## Input data
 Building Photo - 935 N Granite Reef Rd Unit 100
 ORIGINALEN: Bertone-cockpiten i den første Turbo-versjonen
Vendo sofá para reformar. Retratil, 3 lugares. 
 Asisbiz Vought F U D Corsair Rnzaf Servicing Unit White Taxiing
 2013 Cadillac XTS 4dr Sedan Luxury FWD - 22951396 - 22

--

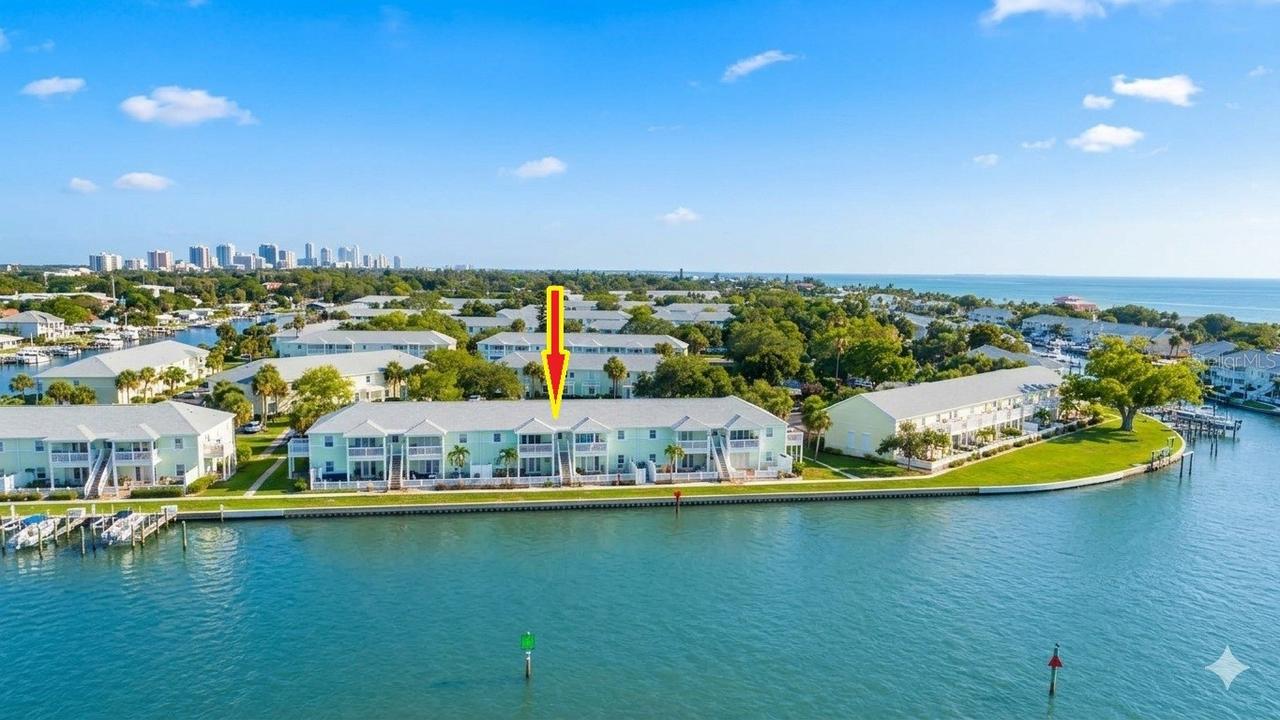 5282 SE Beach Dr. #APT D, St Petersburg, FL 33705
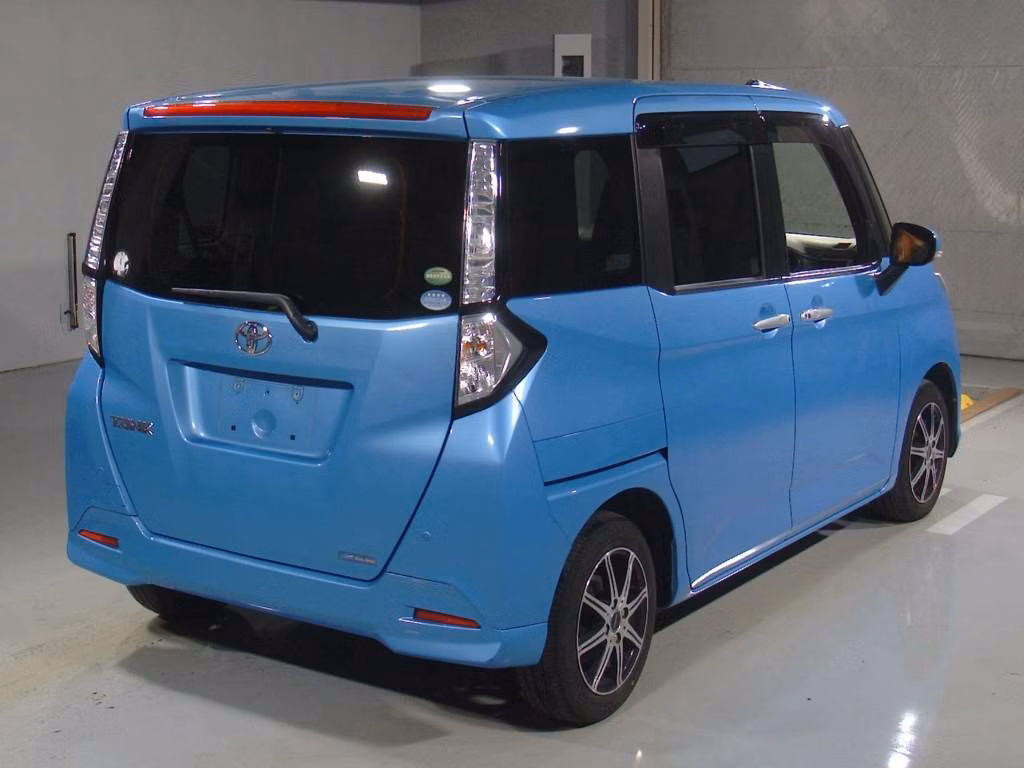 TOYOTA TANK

## Try it
Taking the entries above, write out exactly each line from the one holding "Vendo sofá para" to the one holding "2013 Cadillac XTS", both included, and stop there.

## Result of the exercise
Vendo sofá para reformar. Retratil, 3 lugares. 
 Asisbiz Vought F U D Corsair Rnzaf Servicing Unit White Taxiing
 2013 Cadillac XTS 4dr Sedan Luxury FWD - 22951396 - 22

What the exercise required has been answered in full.